Prompt
Please keep the images out and set down the data exactly as given.
Start of Data
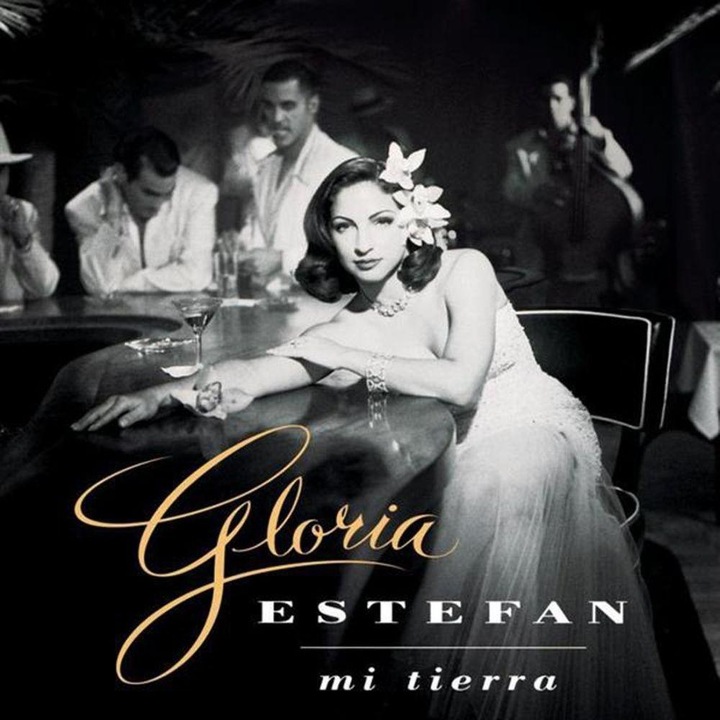 Gloria Estefan - Mi Tierra (180g Audiophile Pressing) - LP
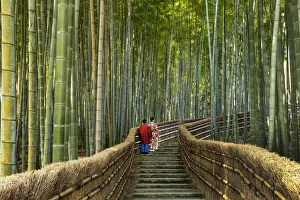 Japanese Couple on Steps Through Bamboo Forest, Adashino Nembutsu-ji Temple, Arashiyama Japanese Couple on Steps Through Bamboo Forest, Adashino Nembutsu-ji Temple, Arashiyama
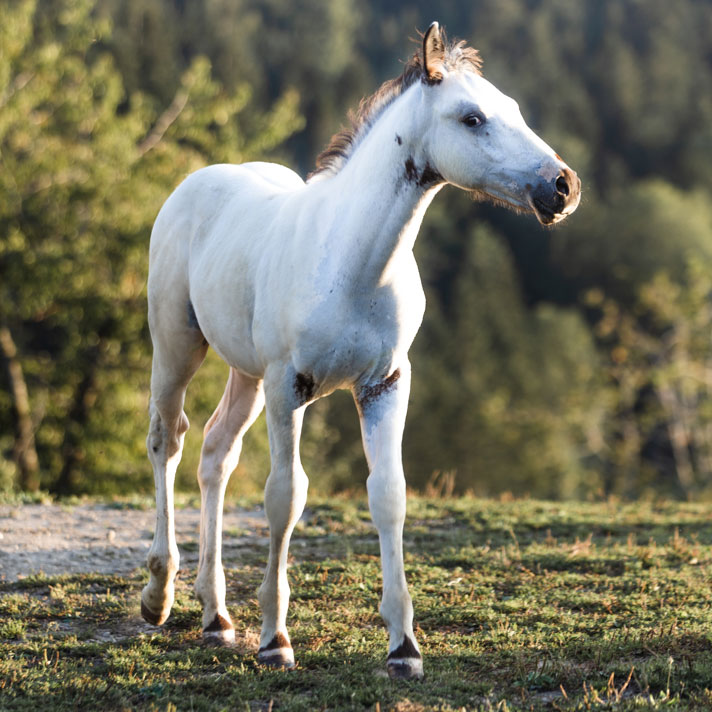 Fohlen RS Whitebear Django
End of Data
Output of the exercise
 Gloria Estefan - Mi Tierra (180g Audiophile Pressing) - LP
 Japanese Couple on Steps Through Bamboo Forest, Adashino Nembutsu-ji Temple, Arashiyama Japanese Couple on Steps Through Bamboo Forest, Adashino Nembutsu-ji Temple, Arashiyama
 Fohlen RS Whitebear Django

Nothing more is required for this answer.